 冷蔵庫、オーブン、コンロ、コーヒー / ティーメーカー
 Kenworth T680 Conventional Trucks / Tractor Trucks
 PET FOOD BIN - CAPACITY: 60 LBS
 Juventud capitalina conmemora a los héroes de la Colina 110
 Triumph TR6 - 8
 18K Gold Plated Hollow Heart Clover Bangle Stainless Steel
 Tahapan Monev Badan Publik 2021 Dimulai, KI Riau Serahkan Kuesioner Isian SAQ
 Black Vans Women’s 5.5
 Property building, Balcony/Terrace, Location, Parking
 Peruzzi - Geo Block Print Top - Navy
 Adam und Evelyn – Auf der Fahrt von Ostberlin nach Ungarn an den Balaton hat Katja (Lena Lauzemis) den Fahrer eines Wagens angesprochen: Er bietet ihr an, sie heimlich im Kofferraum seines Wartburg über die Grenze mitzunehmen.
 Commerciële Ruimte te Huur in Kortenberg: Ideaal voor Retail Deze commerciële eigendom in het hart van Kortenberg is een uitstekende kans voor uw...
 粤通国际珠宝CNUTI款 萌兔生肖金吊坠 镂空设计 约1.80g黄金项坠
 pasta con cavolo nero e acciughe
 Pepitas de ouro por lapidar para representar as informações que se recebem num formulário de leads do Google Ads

_Task item_:
Please give an exact restatement of only the lines from the beginning of the material above to the line with "Peruzzi - Geo Block Print Top - Navy", inclusive.

_Exercise output_:
 冷蔵庫、オーブン、コンロ、コーヒー / ティーメーカー
 Kenworth T680 Conventional Trucks / Tractor Trucks
 PET FOOD BIN - CAPACITY: 60 LBS
 Juventud capitalina conmemora a los héroes de la Colina 110
 Triumph TR6 - 8
 18K Gold Plated Hollow Heart Clover Bangle Stainless Steel
 Tahapan Monev Badan Publik 2021 Dimulai, KI Riau Serahkan Kuesioner Isian SAQ
 Black Vans Women’s 5.5
 Property building, Balcony/Terrace, Location, Parking
 Peruzzi - Geo Block Print Top - Navy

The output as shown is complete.